Amendment rights. She also claims that defendants violated numerous MDOC policies and procedures. II. STANDARD OF REVIEW

Plaintiff has been granted in forma pauperis status. (ECF No. 4.) Under the Prison Litigation Reform Act of 1996 (“PLRA”), the Court is required to sua sponte dismiss an in forma pauperis complaint before service on a defendant if it determines that the action is frivolous or malicious, fails to state a claim upon which relief can

be granted, or seeks monetary relief against a defendant who is immune from such relief. See 42 U.S.C. § 1997e(c); 28 U.S.C. § 1915(e)(2)(B). The Court is similarly required to dismiss a complaint seeking redress against government entities, officers,

and employees which it finds to be frivolous or malicious, fails to state a claim upon which relief may be granted, or seeks monetary relief from a defendant who is immune from such relief. See 28 U.S.C. § 1915A. A complaint is frivolous if it lacks an arguable basis in law or in fact. Denton v. Hernandez, 504 U.S. 25, 31

(1992); Neitzke v. Williams, 490 U.S. 319, 325 (1989). A pro se civil rights complaint is to be construed liberally. Haines v. Kerner, 404 U.S. 519, 520-21 (1972). Nonetheless, Federal Rule of Civil Procedure 8(a)

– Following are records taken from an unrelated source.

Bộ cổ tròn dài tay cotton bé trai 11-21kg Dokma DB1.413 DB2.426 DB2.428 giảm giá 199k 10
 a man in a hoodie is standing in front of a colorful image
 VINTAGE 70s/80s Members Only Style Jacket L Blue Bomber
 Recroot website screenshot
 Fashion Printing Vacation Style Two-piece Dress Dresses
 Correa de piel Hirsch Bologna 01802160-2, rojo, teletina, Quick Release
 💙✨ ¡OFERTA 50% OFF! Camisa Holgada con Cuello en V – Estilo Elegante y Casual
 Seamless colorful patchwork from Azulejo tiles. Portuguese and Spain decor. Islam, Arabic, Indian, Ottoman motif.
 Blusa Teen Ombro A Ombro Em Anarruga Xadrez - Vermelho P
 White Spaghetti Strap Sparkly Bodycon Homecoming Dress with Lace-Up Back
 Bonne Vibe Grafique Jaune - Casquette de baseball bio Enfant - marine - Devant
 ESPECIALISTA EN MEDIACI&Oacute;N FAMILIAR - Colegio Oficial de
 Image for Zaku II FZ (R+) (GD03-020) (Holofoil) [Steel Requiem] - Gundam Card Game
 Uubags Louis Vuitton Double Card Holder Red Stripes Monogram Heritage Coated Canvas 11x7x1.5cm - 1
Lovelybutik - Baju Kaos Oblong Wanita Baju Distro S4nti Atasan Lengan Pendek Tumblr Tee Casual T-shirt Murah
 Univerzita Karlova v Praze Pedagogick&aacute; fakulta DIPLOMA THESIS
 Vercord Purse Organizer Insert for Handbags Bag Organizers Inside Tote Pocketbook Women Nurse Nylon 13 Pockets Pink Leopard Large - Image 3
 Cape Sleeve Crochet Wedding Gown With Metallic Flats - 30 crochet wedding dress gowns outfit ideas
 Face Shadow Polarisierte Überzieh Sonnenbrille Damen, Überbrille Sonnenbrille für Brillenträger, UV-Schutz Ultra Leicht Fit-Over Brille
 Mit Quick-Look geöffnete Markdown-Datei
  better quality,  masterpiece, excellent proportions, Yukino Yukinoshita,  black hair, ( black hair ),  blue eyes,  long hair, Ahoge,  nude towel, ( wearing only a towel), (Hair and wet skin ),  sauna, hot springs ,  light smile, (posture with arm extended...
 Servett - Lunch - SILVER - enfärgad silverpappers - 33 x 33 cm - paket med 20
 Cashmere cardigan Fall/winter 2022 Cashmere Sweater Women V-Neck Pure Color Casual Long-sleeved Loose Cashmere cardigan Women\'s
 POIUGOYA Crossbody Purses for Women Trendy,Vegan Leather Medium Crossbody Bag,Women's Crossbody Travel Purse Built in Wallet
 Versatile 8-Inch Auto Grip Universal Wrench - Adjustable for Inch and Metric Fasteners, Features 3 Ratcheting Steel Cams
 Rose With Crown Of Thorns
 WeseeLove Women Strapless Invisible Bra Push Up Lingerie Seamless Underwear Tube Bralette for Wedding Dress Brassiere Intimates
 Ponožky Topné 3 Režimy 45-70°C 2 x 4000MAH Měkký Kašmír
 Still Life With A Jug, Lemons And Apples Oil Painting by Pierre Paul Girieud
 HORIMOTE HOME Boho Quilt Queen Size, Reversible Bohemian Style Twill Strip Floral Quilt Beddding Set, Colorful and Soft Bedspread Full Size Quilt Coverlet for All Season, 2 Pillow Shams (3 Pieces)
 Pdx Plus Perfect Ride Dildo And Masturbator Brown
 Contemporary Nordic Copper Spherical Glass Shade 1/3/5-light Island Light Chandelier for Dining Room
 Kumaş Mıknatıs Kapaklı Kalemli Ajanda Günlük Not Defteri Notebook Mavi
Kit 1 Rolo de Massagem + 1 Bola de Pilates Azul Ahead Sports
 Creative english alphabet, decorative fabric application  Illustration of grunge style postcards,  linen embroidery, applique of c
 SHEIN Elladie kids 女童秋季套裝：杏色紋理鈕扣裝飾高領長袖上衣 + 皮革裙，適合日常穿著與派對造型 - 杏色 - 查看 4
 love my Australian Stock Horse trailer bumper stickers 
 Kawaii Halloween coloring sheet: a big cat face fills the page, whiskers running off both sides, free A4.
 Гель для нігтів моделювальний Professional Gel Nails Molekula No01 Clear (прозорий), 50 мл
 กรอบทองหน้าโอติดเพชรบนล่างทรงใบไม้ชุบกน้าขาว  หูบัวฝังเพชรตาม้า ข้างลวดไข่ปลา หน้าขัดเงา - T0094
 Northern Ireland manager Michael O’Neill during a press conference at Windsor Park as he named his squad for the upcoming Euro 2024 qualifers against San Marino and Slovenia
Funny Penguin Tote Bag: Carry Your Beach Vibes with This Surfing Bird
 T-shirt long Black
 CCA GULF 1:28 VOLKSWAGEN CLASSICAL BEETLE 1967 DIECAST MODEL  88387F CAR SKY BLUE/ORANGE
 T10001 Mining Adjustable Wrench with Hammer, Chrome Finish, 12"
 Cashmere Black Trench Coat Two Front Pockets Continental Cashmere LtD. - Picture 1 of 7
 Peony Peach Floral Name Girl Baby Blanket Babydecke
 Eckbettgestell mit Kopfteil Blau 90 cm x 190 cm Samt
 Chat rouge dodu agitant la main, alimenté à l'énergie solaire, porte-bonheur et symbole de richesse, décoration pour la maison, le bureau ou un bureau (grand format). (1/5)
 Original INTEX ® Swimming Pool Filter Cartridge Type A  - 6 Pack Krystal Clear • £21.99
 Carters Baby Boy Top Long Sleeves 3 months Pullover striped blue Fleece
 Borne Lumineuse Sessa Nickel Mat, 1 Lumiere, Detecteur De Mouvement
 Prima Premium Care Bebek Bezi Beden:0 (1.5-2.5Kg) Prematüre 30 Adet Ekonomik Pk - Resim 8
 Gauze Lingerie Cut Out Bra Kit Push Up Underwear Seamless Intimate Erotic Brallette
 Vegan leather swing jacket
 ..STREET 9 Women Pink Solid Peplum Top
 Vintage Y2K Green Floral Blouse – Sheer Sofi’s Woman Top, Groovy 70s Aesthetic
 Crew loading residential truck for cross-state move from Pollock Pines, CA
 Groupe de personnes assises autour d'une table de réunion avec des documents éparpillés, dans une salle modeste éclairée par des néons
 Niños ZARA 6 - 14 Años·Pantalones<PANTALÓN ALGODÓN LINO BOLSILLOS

requires that a complaint set forth “a short and plain statement of the claim showing that the pleader is entitled to relief,” as well as “a demand for the relief sought.” Fed. R. Civ. P. 8(a)(2), (3). The purpose of this rule is to “give the defendant fair notice

of what the claim is and the grounds upon which it rests.” Bell Atlantic Corp. v. Twombly, 550 U.S. 544, 555 (2007) (citation omitted). While this notice pleading standard does not require “detailed” factual allegations, it does require more than the

bare assertion of legal principles or conclusions. Twombly, 550 U.S. at 555. Rule 8 “demands more than an unadorned, the defendant-unlawfully-harmed me accusation.” Ashcroft v. Iqbal, 556 U.S. 662, 678 (2009). “A pleading that offers ‘labels and conclusions’ or ‘a formulaic recitation of the elements of a cause of

action will not do.’” Id. (quoting Twombly, 550 U.S. at 555). “Nor does a complaint suffice if it tenders ‘naked assertion[s]’ devoid of ‘further factual enhancement.’” Id. (quoting Twombly, 550 U.S. at 557).